What just happened? The question of whether someone would pay more for an NFT version of an object than the real thing has been answered with an unequivocal no. The 1973 job application form filled in by Apple co-founder Steve Jobs, which was being auctioned in both physical and NFT formats, has finished with the former making almost $320,000 more than the latter.

The single-page application for an unspecified position from the former Apple CEO went up for auction for the fourth time last week. It previously raised $18,750 in 2017, $174,757 in 2018, and $222,400 last March. On this occasion, both a physical and digital version of the application were put up for sale. There was a poll to discover which item people thought would fetch the higher price. Eighty percent of participants said it would be the paper form---they were right.

"The Steve Jobs hand-written 1973 job application auction aims to highlight the modern shift in perceived value – the physical or the digital," writes Olly Joshi, the auction's organizer.

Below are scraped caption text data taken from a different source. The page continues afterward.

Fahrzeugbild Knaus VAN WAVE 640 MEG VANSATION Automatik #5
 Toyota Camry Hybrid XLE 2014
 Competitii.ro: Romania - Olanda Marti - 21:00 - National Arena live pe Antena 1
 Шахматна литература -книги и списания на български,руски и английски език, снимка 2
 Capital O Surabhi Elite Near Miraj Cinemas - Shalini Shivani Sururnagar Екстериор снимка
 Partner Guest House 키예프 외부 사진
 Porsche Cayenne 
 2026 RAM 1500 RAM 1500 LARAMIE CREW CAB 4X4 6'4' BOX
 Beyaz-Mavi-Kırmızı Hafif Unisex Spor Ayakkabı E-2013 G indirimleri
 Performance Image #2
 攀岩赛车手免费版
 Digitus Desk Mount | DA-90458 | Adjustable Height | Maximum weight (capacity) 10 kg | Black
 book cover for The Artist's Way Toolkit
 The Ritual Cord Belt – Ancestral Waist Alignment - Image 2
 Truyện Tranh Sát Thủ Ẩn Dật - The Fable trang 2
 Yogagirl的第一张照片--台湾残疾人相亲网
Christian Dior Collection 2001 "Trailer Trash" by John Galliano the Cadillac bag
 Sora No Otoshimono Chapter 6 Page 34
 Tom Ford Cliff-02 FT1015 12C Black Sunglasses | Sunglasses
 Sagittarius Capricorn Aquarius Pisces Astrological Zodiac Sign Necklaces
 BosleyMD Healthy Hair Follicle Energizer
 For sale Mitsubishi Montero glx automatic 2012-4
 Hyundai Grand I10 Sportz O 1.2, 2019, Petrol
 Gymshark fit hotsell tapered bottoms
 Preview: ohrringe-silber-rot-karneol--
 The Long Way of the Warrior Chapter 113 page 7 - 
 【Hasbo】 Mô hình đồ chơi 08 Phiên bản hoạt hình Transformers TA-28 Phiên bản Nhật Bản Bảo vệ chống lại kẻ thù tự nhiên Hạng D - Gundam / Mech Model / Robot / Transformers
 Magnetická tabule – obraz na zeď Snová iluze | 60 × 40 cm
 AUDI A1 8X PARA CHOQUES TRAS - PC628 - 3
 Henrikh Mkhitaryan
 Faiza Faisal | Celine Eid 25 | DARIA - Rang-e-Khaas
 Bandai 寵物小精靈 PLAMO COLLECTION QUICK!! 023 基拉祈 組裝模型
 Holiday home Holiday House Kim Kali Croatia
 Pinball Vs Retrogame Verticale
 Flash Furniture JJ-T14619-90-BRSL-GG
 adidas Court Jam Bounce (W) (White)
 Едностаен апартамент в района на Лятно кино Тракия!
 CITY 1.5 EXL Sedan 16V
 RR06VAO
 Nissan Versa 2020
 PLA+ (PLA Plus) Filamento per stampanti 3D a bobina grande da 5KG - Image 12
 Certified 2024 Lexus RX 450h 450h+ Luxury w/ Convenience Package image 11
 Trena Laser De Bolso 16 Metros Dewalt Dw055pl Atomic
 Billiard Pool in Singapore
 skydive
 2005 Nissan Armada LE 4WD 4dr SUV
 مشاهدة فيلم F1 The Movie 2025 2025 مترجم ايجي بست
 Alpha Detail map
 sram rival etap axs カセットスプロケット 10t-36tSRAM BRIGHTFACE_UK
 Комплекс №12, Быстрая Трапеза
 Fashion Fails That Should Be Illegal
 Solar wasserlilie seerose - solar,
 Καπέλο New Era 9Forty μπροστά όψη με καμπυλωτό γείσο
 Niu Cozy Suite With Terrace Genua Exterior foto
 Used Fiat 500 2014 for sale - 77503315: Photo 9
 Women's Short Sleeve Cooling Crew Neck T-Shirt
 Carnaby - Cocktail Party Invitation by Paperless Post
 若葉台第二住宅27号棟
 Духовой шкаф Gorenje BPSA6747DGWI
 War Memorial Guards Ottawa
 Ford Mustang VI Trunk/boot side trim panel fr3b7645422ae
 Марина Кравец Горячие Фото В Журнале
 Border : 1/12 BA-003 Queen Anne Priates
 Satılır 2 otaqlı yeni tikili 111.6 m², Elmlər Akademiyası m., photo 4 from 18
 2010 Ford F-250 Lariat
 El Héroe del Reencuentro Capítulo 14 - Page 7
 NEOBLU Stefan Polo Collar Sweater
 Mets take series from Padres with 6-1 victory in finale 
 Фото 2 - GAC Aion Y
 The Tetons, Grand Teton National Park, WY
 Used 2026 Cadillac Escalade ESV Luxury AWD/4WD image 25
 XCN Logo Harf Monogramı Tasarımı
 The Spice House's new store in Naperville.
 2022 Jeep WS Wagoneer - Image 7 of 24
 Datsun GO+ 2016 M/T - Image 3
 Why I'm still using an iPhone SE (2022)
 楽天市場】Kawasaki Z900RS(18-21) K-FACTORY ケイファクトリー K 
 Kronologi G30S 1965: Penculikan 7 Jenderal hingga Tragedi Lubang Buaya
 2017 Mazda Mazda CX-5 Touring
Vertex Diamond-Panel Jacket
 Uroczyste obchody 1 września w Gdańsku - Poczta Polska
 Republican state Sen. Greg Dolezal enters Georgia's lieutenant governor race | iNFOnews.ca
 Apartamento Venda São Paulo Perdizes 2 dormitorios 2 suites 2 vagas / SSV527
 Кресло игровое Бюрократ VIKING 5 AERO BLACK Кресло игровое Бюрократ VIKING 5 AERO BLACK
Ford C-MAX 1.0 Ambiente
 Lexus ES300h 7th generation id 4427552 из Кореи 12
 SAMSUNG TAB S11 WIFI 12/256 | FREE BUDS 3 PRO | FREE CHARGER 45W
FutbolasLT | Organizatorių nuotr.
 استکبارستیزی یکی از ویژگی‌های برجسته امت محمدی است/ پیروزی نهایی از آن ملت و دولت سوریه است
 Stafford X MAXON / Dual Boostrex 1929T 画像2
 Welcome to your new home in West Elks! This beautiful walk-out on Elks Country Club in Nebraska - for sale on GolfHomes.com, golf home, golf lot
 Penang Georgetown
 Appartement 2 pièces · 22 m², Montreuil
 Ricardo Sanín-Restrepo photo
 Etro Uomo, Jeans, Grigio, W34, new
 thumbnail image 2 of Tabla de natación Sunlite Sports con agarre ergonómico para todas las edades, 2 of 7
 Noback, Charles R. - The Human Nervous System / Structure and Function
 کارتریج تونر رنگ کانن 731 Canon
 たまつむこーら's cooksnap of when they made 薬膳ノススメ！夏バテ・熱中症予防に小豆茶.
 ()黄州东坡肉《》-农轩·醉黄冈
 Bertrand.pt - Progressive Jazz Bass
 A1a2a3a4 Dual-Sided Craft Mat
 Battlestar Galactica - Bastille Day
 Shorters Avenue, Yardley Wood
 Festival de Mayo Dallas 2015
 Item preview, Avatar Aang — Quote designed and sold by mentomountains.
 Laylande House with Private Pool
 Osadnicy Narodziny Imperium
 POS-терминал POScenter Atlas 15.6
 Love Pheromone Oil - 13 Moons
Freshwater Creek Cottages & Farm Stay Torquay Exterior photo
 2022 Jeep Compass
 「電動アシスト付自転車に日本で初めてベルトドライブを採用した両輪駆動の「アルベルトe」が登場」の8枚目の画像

The physical application form, which is for an unspecified position, had 43 bids and sold for $343,000 yesterday, the most anyone has ever paid for it at auction. The NFT, which was purchasable using Ethereum, attracted just 10 bids and sold for the equivalent of $23,076 at the time of sale.

We've seen some colossal NFT selling prices in recent times. A non-fungible token of the first tweet from Twitter founder Jack Dorsey went for around $2.5 million, and the world wide web's source code fetched $5.4 million. The most expensive NFT ever sold, meanwhile, remains "Everydays: The First 5000 Days," created by Mike Winkelmann, aka Beeple, which made $69 million.